Return each line of the listing below, unchanged, and omit the images.

■ INFORMATION SHOWN
*** Begin section ***

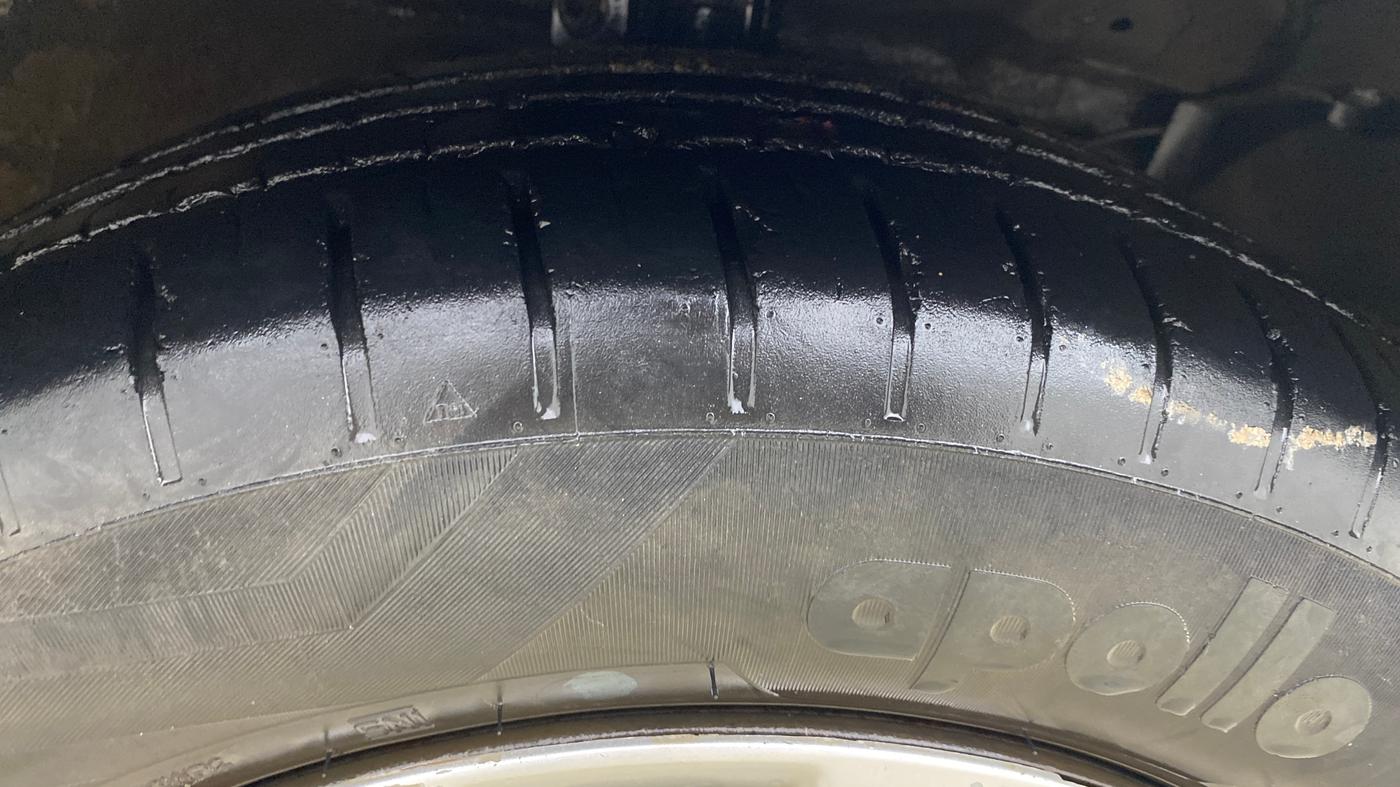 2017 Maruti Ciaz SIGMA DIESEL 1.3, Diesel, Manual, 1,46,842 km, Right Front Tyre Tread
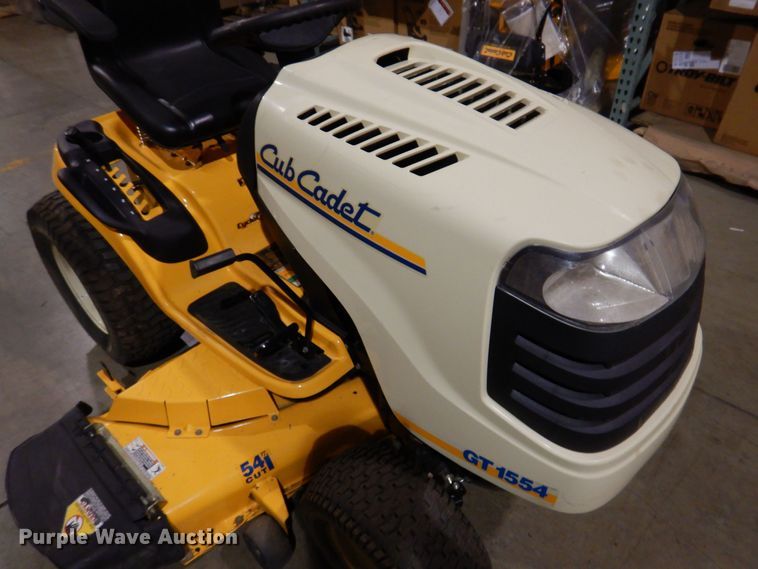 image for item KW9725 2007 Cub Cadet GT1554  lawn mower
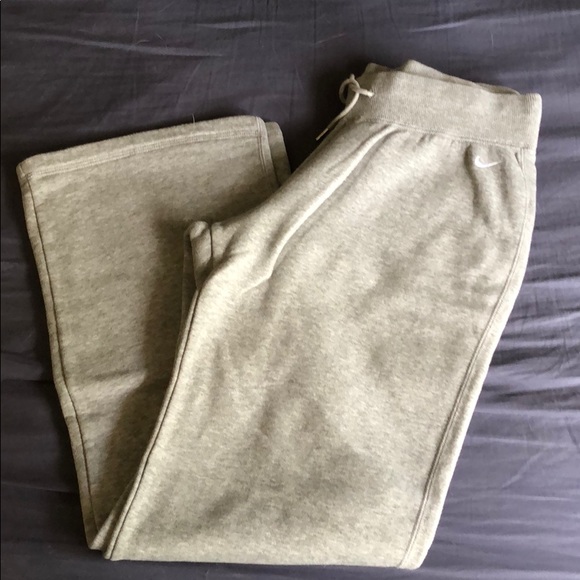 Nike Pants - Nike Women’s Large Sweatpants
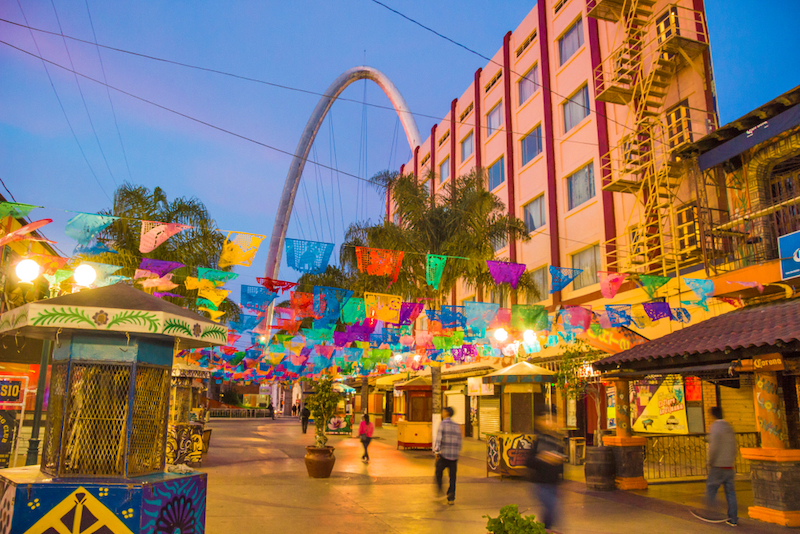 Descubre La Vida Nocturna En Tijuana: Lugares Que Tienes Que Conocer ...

*** End section ***

■ SOLUTION TO THE EXERCISE
 2017 Maruti Ciaz SIGMA DIESEL 1.3, Diesel, Manual, 1,46,842 km, Right Front Tyre Tread
 image for item KW9725 2007 Cub Cadet GT1554  lawn mower
 Nike Pants - Nike Women’s Large Sweatpants
 Descubre La Vida Nocturna En Tijuana: Lugares Que Tienes Que Conocer ...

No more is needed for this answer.